Contraditoriamente os corpos das mulheres, que sustentam essas jornadas de trabalho, é considerado frágil e muitas vezes sem habilidades para determinadas funções no mundo do trabalho produtivo. Uma mulher grávida que faz trabalho remunerado e não remunerado sustenta em seu corpo três processos de trabalho cotidiano. A reprodução biológica é unicamente possível de se realizar no corpo de uma mulher. Independentemente do fato, de que existam mulheres que não querem engravidar ou que não tenham condições físicas de engravidar. Pensar a autonomia física em um contexto de intensa dominação, exploração e apropriação dos corpos dos sujeitos que trabalham, que reproduzem e vivem a sexualidade, não como dimensões separadas da sua existência social, mas como dimensões integradas na totalidade da sua existência, que se materializam nas práticas da vida cotidiana, é uma necessidade e um desafio para a teoria e para a pratica política feminista e para a formulação de políticas públicas. Esta estrutura material, o corpo, é o lugar no qual habita o sujeito e nele estão também a capacidade de pensar e agir no mundo, a capacidade de trabalhar de gestar outros seres humanos, de sentir alegria, prazer e de sofrer.

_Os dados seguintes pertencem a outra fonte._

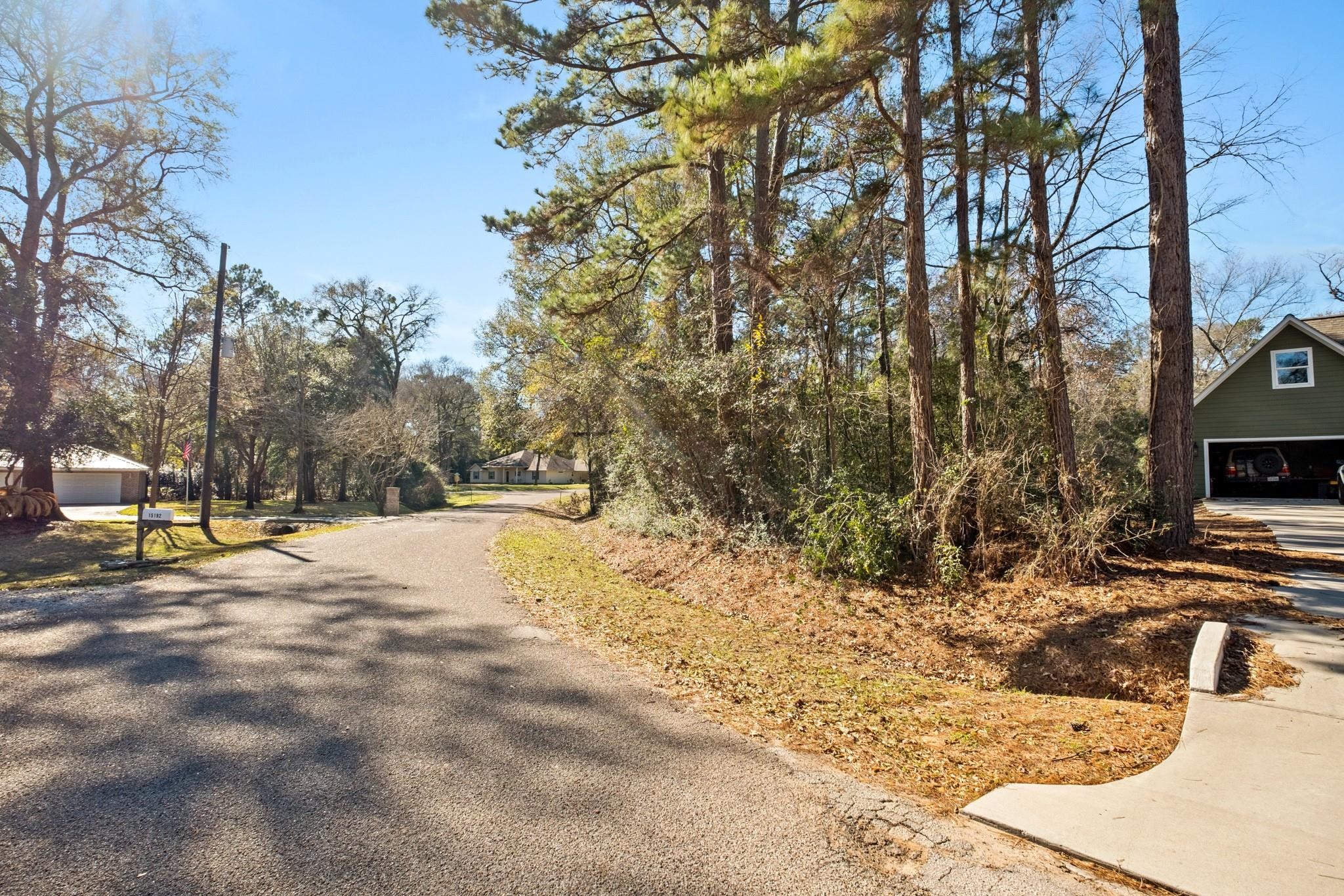 0 Paradise View Dr, Willis, TX 77318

A autonomia, do meu ponto de vista, não é nem um patamar fixo que se alcança, nem um somatório de autonomias específicas. Se constrói como um processo dialético na relação direta entre autonomia individual e processos coletivos de transformação. Por outro lado, cada sujeito em particular constrói, como parte da construção de si mesma, os meios individuais para alcançar graus de autonomia que variam de acordo com as possibilidades e os limites que enfrenta na sua trajetória sempre situada em contextos e correlações de forças determinados. Além dos fatores objetivos a autonomia implica uma dimensão subjetiva. Um processo interior de aquisições e superações dos efeitos da dominação de classe, de raça e de gênero e de violências heterossexista, eugenista e xenófoba. Implica a superação de uma concepção hegemônica e mercadológica de autonomia baseada no individualismo e em uma, suposta, autossuficiência do ser no mundo.

Veja aqui a íntegra da apresentação.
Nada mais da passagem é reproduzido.